The ADAM technology demonstrated the highest dimensional accuracy with minimal deviations from the nominal values and the lowest variability across measurements. In terms of surface characteristics, it showed favourable Spk values, although Sa values indicated higher roughness compared to BJ. Residual stresses were the lowest among the evaluated technologies.

(2)

SLM achieved high-dimensional precision and consistency but exhibited higher levels of residual stress and rougher surfaces with pronounced peaks. The microstructure was fine-grained and displayed features typical of rapid solidification processes.

(3)

BJ technology showed the lowest dimensional accuracy and the highest variability in shape, likely due to shrinkage during sintering.

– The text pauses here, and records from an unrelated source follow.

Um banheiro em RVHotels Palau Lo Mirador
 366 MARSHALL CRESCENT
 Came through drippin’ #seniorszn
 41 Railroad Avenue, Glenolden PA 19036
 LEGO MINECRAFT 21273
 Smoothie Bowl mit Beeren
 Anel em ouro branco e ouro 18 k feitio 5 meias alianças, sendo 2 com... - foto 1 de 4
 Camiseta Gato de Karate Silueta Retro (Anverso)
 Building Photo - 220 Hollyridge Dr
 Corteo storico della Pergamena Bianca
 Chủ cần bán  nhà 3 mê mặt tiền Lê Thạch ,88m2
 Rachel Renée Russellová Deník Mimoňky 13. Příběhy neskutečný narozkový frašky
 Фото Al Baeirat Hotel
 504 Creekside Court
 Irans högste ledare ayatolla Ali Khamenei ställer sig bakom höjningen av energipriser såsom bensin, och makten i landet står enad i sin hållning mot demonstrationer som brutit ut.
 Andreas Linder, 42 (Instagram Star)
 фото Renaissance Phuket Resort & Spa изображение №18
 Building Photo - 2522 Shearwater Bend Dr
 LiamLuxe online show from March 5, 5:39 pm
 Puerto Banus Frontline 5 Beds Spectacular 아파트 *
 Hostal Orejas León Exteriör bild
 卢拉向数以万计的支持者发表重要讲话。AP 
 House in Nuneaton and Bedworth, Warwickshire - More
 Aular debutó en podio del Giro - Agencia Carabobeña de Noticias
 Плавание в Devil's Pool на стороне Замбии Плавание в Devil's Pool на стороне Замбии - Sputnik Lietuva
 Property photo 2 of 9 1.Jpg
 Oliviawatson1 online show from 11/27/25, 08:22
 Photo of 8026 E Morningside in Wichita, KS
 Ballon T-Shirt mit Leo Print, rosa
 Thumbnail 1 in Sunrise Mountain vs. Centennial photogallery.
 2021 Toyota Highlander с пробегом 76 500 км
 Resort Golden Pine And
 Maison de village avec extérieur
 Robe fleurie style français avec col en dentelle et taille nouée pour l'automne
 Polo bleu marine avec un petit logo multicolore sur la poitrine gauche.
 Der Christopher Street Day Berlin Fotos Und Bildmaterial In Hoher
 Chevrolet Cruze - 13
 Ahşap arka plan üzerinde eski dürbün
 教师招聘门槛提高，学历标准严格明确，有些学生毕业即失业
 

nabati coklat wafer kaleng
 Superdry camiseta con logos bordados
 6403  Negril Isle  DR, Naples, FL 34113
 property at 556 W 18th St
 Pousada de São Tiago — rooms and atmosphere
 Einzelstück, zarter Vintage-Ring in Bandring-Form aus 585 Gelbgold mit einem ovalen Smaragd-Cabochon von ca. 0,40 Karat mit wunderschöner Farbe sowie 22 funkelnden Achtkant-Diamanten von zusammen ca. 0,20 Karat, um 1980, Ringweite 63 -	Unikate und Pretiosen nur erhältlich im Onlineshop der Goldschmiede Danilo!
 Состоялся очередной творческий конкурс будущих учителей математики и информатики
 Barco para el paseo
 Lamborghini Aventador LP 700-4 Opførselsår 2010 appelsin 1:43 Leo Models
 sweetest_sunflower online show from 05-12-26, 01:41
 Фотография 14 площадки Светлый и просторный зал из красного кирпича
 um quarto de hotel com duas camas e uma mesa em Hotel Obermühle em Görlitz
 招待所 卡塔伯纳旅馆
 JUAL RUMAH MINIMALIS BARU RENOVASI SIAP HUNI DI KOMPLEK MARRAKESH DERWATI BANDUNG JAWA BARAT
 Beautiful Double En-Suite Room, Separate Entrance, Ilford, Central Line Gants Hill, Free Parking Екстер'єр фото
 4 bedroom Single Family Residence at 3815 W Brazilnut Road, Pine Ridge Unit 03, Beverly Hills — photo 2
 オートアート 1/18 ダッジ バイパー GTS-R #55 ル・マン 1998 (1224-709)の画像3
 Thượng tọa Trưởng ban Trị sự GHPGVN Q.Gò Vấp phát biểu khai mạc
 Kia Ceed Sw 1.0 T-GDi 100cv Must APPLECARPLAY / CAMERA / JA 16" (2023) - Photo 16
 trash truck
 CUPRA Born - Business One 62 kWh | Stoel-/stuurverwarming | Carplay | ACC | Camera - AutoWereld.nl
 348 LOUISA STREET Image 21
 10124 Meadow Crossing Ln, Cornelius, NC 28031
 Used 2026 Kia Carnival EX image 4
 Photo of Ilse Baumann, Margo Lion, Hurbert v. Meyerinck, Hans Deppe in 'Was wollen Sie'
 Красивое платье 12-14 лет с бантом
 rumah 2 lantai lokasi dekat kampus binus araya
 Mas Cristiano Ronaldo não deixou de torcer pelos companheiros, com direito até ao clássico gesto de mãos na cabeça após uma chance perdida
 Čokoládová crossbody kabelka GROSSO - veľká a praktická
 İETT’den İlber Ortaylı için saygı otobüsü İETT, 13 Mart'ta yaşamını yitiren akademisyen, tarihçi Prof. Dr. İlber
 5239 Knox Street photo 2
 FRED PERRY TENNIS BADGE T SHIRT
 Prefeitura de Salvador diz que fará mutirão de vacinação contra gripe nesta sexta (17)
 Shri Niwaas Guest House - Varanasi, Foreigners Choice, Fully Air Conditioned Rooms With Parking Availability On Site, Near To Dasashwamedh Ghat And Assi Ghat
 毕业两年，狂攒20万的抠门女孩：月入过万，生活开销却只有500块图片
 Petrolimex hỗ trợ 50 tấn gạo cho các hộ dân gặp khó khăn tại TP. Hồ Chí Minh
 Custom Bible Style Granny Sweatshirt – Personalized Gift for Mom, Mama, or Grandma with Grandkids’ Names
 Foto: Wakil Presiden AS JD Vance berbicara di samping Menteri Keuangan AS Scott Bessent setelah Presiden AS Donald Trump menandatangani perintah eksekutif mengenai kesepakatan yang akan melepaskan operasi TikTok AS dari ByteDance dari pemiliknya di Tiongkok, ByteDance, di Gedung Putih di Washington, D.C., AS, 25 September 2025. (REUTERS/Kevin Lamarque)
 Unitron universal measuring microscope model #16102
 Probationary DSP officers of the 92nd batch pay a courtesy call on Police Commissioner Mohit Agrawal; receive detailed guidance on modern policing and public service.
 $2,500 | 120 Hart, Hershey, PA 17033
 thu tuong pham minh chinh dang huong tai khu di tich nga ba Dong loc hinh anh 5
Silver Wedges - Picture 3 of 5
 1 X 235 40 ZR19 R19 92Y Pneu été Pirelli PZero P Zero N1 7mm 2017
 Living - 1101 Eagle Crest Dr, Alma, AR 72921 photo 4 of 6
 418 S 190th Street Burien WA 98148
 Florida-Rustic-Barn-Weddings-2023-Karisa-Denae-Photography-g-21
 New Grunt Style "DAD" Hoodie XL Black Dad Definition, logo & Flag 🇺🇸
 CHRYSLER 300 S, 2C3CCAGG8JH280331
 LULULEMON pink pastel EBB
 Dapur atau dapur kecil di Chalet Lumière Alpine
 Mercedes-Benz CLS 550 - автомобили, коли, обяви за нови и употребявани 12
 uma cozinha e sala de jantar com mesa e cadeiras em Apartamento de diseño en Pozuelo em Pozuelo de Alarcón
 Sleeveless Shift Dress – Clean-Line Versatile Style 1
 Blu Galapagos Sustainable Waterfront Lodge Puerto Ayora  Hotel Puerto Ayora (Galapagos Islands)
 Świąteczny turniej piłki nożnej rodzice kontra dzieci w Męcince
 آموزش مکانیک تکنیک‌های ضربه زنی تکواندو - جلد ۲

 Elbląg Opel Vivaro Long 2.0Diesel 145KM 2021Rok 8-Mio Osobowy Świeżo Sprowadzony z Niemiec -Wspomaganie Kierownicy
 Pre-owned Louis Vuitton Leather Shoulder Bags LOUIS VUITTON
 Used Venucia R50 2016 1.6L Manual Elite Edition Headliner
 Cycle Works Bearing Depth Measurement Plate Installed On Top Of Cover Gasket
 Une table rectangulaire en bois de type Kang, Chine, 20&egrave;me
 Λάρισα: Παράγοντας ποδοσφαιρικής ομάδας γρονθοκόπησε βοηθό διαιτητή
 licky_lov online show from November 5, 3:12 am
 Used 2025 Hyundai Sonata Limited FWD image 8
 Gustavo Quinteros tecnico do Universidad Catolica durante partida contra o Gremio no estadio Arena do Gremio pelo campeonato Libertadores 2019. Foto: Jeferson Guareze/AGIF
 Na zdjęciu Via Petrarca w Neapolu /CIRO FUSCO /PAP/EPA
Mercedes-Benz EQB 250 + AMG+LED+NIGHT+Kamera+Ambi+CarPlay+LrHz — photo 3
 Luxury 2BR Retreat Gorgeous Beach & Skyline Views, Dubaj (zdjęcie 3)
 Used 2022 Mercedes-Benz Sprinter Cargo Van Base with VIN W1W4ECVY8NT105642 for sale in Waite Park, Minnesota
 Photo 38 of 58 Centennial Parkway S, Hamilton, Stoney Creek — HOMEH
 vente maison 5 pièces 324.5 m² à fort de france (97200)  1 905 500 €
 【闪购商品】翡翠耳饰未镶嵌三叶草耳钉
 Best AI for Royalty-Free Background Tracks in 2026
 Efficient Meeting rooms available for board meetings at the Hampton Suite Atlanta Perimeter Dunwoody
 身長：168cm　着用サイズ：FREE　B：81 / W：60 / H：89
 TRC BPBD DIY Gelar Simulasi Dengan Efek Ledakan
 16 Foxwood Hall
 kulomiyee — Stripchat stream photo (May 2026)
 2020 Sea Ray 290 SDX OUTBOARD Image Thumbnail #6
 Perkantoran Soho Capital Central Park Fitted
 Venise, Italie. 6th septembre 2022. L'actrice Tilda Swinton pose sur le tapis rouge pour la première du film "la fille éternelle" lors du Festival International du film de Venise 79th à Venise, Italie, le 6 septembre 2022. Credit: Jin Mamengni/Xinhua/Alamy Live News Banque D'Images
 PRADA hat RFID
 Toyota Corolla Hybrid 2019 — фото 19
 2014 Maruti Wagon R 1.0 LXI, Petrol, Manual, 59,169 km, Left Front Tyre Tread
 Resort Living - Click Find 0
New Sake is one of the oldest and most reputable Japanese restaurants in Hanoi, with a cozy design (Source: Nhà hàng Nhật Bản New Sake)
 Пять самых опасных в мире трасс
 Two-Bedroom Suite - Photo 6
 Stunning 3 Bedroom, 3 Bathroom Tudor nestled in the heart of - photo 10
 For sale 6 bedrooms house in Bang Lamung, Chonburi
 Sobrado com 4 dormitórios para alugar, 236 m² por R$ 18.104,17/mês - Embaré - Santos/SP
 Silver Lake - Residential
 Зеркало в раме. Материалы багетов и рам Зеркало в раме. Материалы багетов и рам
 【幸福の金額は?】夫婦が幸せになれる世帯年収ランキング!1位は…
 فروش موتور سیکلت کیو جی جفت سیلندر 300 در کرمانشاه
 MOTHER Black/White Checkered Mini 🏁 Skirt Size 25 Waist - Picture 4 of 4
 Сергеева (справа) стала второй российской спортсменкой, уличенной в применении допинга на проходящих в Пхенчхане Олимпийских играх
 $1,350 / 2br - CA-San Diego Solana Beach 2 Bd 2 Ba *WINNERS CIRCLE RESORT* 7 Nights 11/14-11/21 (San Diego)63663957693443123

However, it achieved the lowest average surface roughness (Sa) and exhibited a uniform microstructure.

Based on the results, it can be concluded that each technology presents specific advantages and limitations that should be carefully considered when selecting a manufacturing method according to application requirements.

In future work, research will focus on comparing and evaluating the residual stresses induced by various additive manufacturing methods following the application of Laser Shock Peening (LSP), to gain a deeper understanding of their impact on mechanical performance and fatigue resistance.